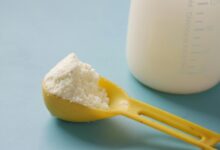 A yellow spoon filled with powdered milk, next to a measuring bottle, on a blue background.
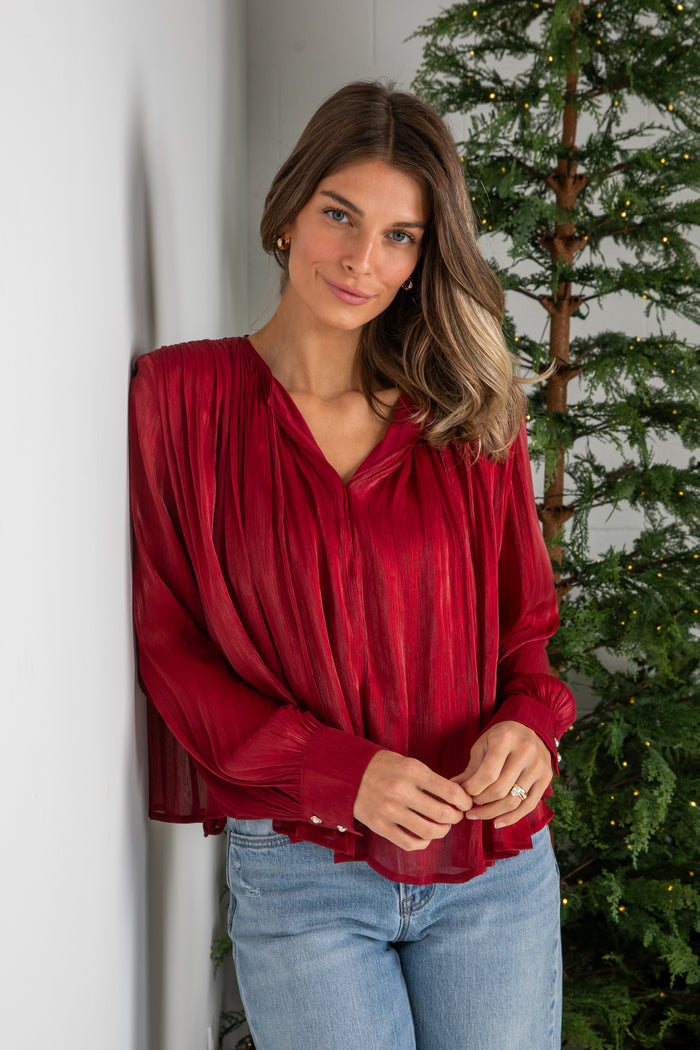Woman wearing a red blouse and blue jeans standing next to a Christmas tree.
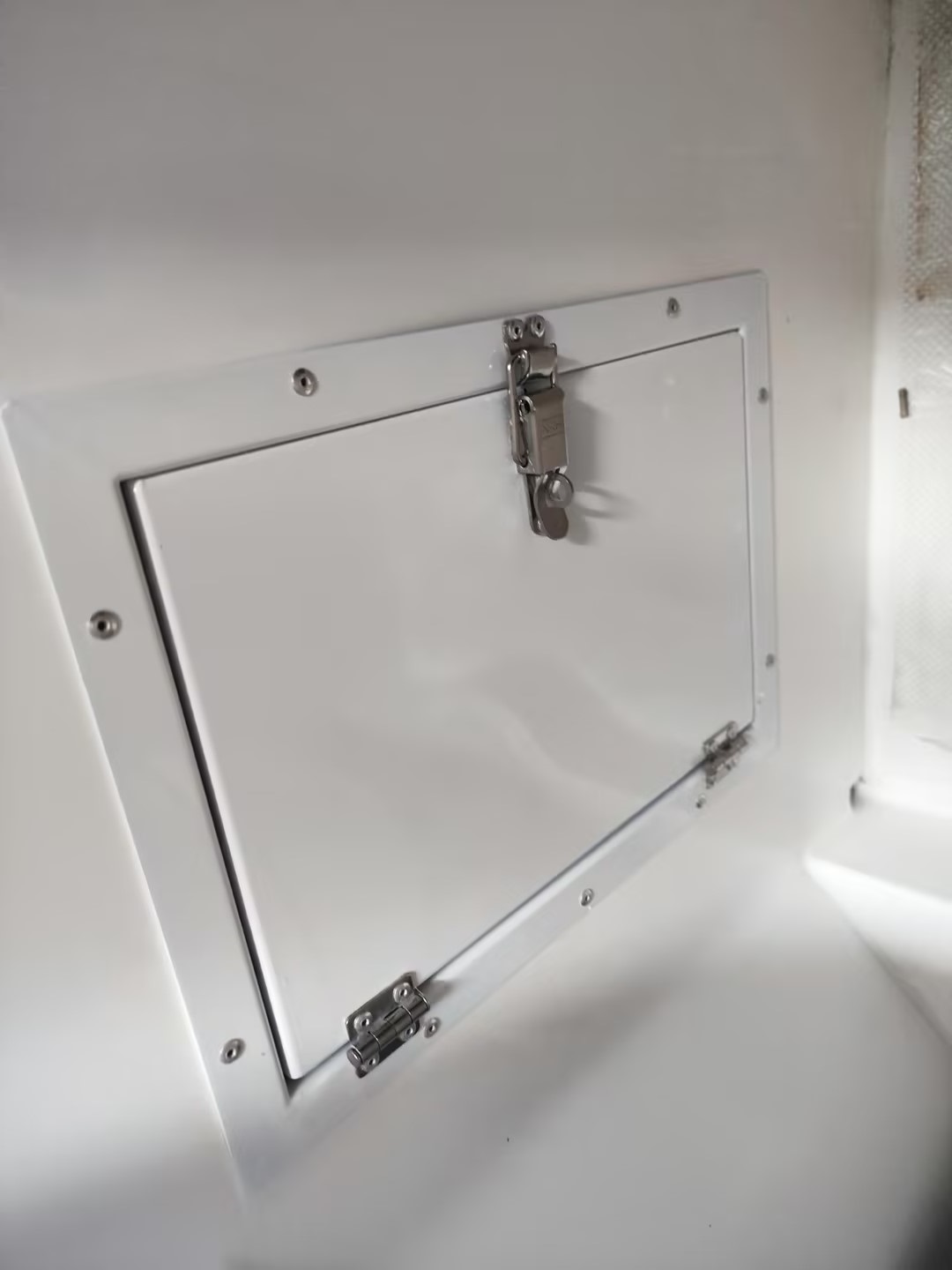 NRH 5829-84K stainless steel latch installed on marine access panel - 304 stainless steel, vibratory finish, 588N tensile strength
_ _ _ _
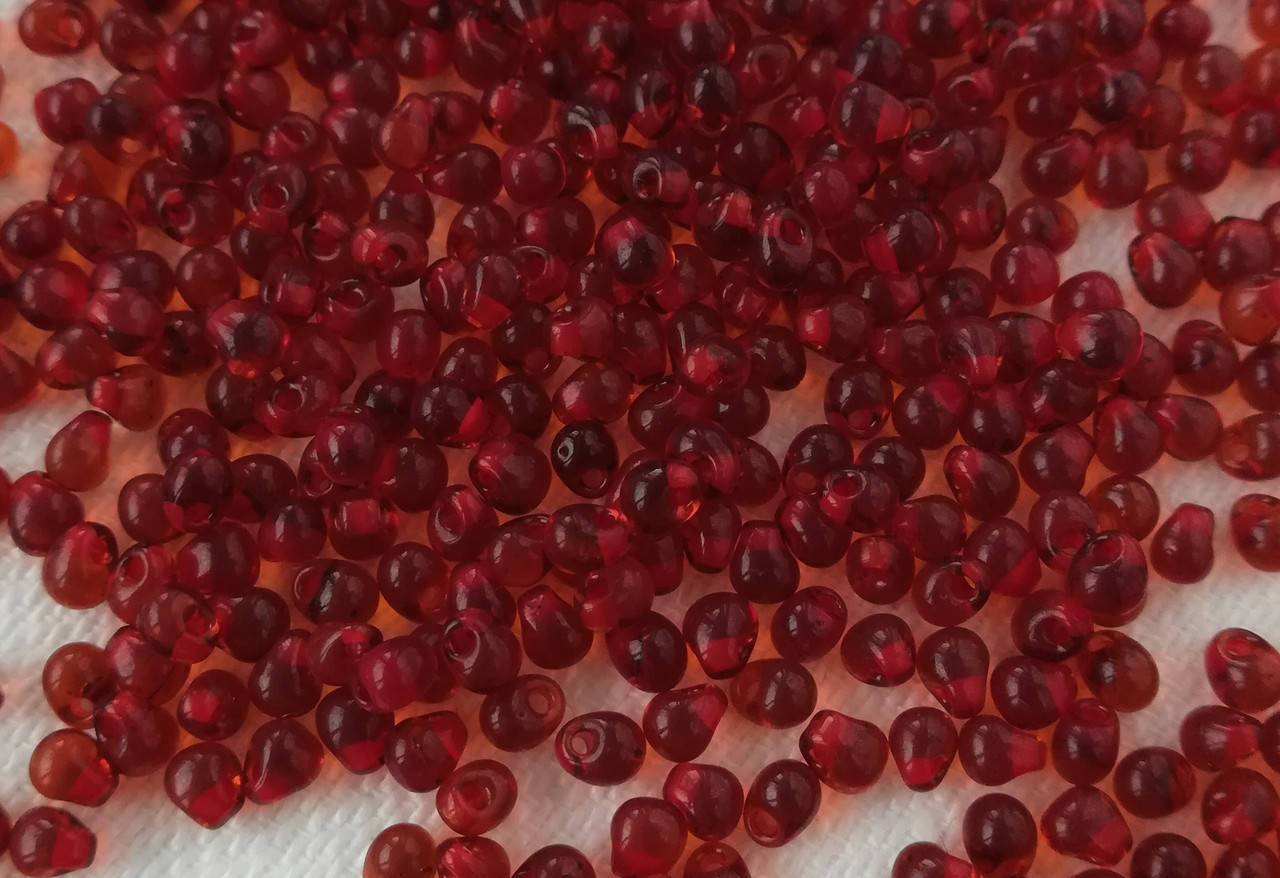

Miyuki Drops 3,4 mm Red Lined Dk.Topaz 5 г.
_ _ _ _
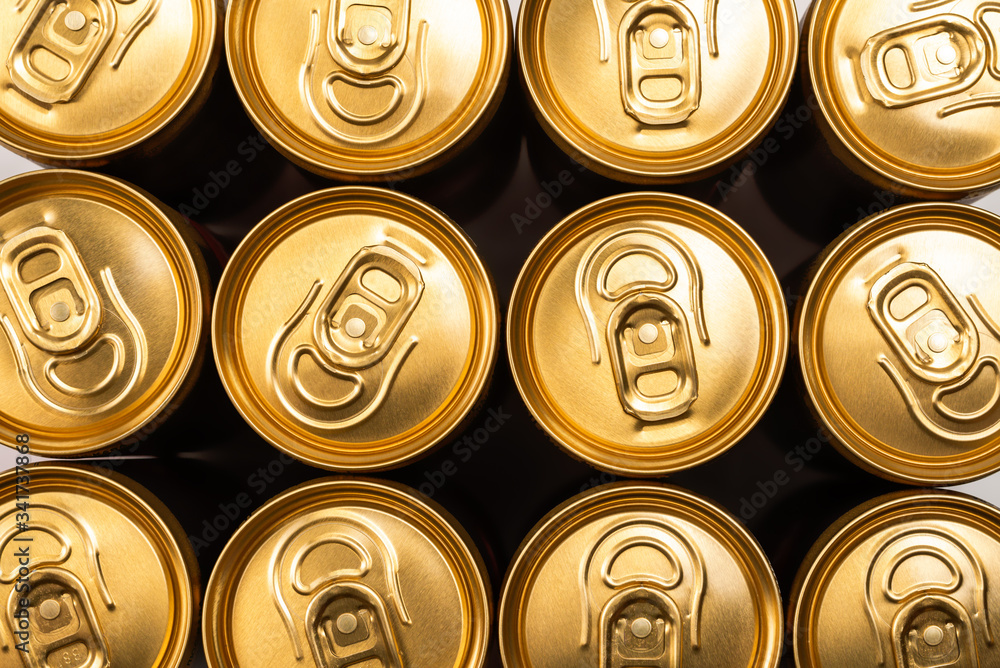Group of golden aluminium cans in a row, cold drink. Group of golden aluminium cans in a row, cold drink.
_ _ _ _
(EXERCISE REQUIREMENTS): Leaving every picture aside, reproduce exactly the lines above from the one with "A yellow spoon" up to and including the one with "NRH 5829-84K stainless", and no others.

(RESPONSE TO THIS TASK):
 A yellow spoon filled with powdered milk, next to a measuring bottle, on a blue background.
Woman wearing a red blouse and blue jeans standing next to a Christmas tree.
 NRH 5829-84K stainless steel latch installed on marine access panel - 304 stainless steel, vibratory finish, 588N tensile strength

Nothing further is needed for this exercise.